AWS Cloud Operations Blog

Consolidate and query AWS CloudTrail data across accounts and regions using AWS CloudTrail Lake

AWS CloudTrail allows tracking of user and API activities across your AWS infrastructure. AWS CloudTrail best practices recommend AWS customers set up separate trails for different use cases such as operational troubleshooting, auditing, security monitoring, etc. Once the use case is accomplished, customers might permanently delete some of the trails but choose to retain their Amazon S3 buckets that store CloudTrail events to meet compliance or auditing requirements or for future deep dives.

Customers leverage AWS CloudTrail Lake to provide their teams a fully managed, central query mechanism for CloudTrail events across accounts and regions. AWS CloudTrail Lake starts recording events from the time you create an event data store with the option of importing existing logs. Customers can choose not to import historical CloudTrail data at creation but might later need it to perform investigations. Customers may also want to import a small subset of past data rather than all available event logs from the S3 bucket.
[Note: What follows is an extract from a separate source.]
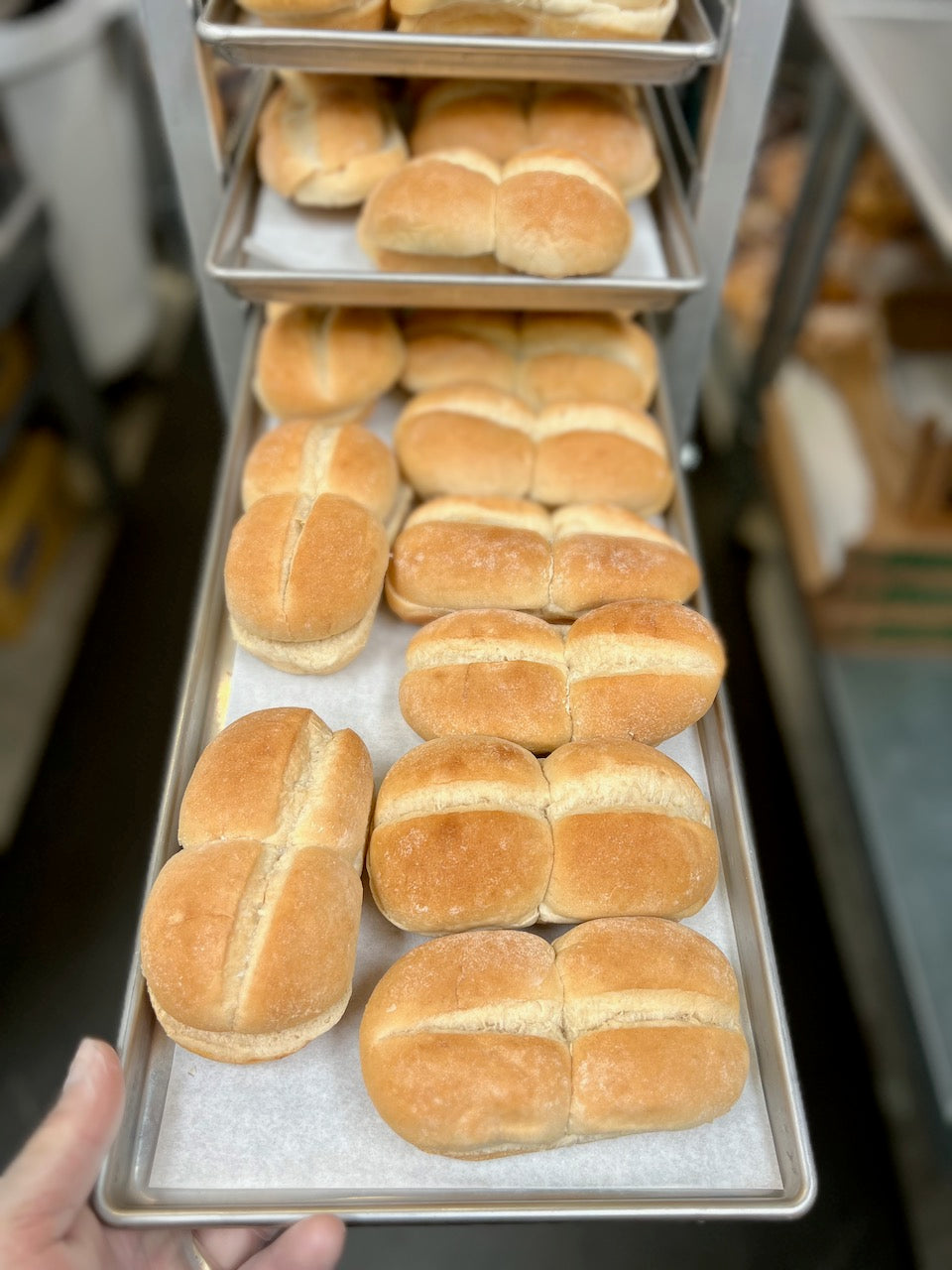 Freeze Dried Fully Cooked Hamburger Buns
In this blog post, I demonstrate how to set up a centralized CloudTrail Lake that consolidates historical CloudTrail event logs with new CloudTrail events. This blog leverages CloudTrail Lake’s ability to directly import data from S3 buckets for desired time ranges and augment data already residing in the Lake. Once you have created a consolidated event data store in CloudTrail Lake, you can use it to run queries on all your logs, including events brought over from your S3 buckets.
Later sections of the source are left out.